Blog
Sorting it all out
Using Ruby's #sort and #sort_by methods on arrays and hashes
Oct. 11, 2015
Like all collection classes in Ruby, the Array
and Hash
classes include the Enumerable module. Enumerable bestows upon classes that include it a wide selection of methods which iterate over collections in many useful ways. In order to include the Enumerable module and use its methods, a collection class must include its own version of the #each
method, which provides the Enumerable methods with a basic strategy for iterating over collection objects of that class. In order to function at all, every method in Enumerable must call the class's #each
method.
One of the most common operations performed on collections is to sort them according to various criteria.
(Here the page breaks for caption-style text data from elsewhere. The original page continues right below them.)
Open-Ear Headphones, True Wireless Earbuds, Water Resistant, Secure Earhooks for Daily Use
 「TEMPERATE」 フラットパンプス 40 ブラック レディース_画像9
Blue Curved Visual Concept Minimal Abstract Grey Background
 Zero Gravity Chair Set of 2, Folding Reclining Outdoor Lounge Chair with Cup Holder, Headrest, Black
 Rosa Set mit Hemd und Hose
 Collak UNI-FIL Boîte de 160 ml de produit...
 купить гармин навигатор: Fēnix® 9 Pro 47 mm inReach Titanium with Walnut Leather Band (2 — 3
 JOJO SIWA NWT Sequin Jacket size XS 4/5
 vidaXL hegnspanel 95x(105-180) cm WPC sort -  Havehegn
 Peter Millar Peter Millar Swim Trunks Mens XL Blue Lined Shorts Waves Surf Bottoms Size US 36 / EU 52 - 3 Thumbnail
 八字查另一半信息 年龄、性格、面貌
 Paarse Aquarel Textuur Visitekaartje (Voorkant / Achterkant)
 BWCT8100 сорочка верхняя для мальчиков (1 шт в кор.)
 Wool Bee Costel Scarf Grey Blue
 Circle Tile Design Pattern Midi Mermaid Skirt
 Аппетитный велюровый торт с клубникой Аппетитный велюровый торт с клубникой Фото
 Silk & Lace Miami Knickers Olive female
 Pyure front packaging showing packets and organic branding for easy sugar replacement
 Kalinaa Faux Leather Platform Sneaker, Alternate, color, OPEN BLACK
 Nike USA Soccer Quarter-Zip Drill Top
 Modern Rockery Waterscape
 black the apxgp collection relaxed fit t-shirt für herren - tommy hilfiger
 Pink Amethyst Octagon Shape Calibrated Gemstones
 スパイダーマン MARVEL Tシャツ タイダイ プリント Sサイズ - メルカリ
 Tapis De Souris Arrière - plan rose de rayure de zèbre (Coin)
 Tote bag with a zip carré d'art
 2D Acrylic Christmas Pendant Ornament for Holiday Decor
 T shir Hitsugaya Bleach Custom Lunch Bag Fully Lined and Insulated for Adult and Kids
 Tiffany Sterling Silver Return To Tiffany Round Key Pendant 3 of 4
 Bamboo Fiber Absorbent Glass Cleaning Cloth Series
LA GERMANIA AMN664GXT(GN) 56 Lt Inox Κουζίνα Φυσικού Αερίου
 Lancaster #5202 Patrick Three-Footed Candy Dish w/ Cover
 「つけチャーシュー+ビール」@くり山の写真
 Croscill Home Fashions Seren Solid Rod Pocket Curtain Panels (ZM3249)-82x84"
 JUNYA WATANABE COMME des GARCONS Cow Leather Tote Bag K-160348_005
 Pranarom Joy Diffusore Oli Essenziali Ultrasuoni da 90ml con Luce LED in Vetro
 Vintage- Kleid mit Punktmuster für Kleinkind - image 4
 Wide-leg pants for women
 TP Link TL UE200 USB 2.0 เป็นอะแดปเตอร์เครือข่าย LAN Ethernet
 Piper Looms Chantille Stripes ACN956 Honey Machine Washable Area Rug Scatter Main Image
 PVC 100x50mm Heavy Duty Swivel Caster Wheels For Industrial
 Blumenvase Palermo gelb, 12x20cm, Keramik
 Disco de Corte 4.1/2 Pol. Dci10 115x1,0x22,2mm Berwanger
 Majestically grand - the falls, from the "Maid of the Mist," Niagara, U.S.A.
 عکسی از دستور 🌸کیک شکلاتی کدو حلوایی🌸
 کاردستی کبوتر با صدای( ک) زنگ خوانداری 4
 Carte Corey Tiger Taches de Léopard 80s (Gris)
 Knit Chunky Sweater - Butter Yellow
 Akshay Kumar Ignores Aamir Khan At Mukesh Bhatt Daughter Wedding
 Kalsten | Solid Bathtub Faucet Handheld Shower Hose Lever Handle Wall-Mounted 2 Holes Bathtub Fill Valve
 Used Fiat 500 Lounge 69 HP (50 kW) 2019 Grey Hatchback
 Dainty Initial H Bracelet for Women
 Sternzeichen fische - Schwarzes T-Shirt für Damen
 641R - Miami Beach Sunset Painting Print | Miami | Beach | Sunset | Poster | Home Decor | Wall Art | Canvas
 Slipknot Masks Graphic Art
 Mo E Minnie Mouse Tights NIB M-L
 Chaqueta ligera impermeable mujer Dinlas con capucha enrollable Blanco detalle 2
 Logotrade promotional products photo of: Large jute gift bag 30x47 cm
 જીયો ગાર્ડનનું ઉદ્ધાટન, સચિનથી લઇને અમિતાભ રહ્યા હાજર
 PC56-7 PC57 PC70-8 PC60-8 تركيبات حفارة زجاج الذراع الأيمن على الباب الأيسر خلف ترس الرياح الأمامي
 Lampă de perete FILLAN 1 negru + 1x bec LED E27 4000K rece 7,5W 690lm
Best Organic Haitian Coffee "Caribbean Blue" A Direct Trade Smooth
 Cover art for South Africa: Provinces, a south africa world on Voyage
This commonly done using the #sort
and #sort_by
methods, which are found in the Enumerable module. This can be confusing, because when you are looking for a method to solve a problem, you may not find it among the methods listed in the Ruby docs for the class you expect. On first glance, Hash
seems to have no sorting methods, but in fact, Hash
(like collection classes Range
and Set
) uses the base Enumerable versions of #sort
and #sort_by
—you just have to go to the Enumerable page to find them. Array
, on the other hand, has its own custom versions of #sort
and #sort_by
, which do appear on the list of Array
methods on Ruby-doc.org. The take-away from this is that when looking for a method to solve a problem, it's important to also check the list for any module the class includes.
Sorting arrays
Although the sort
and #sort_by
methods for the Array
class override the default Enumerable
versions, we needn't worry about under-the-hood stuff like that here. For our purposes, we can call them on an array object and get a perfectly usable return no matter where the methods themselves are stored. In its simplest form, Array#sort
returns a new array, rearranged in alphanumeric order, while leaving the original array unaltered:
- $ ["oak", "pine", "maple", "elm"].sort
- => ["elm", "maple", "oak", "pine"]
- $ [4, 17, 2, 9.1, 11, 6].sort
- => [2, 4, 6, 9.1, 11, 17]
This works fine, so long as all of the items in the array are of the same type, and can be compared directly. That is, #sort
works as long as the items in the collection are either all strings or all numbers (#sort
can handle a mix of integers and floats, though). If you have a mixture of numbers and strings in your array, #sort
will raise an ArgumentError
.
You can #sort
an array of arrays, but #sort
only considers the value of the first item in each member array when sorting. The other items in the member arrays are ignored. This means that #sort
will leave [3, 6] and [3, 2] in that order, if that's how they appear in the original array. But it also means that member arrays do not have to be of the same length, and that only the first items in each member array need to be of matching type. The second and subsequent items can be a mixture of strings, numbers, or other objects. Here are some examples of sorted arrays:
- $ [[4, 7], [2, 1], [8, 6]].sort
- => [[2, 1], [4, 7], [8, 6]]
- [[7, 14], [2], [5, 4, 9]].sort
- => [[2], [5, 4, 9], [7, 14]]
- $ [["fazz", 7], ["bargle", ["a", "z"]], ["goo", 6]].sort
- => [["bargle", ["a", "z"]], ["fazz", 7], ["goo", 6]]
Other sorts of #sorts
If you need to sort an array by some criterion other than alphanumeric order—perhaps by length—you'll need to tell #sort
how you want to compare the items in the array by passing a code block to the method that defines the comparison for your sort. The syntax for the code block is { |item_1, item_2| item_1_code <=> item_2_code }
. In this example, we're calling #length
on each element for the sort:
- $ ["fanz","dru", "ba"].sort{|a,b| a.length <=> b.length }
- => ["ba", "dru", "fanz"]
As you can imagine, the code block for a #sort
can become unweildy very quickly. For non-alphanumeric sorts, you might prefer the #sort_by
method, which lets you define how to evaluate each item to be sorted just once, and eliminates the spaceship comparison operator. The syntax for the #sort_by
code block is simply { |item| item_code }
, so the block for our #length
-based sort becomes { |a| a.size }
. If you're calling a single method on your objects, as we are here, there's also a Ruby shorthand syntax to make it even shorter. You can use an ampersand to represent the object, and the symbol form of the method name: (&:size)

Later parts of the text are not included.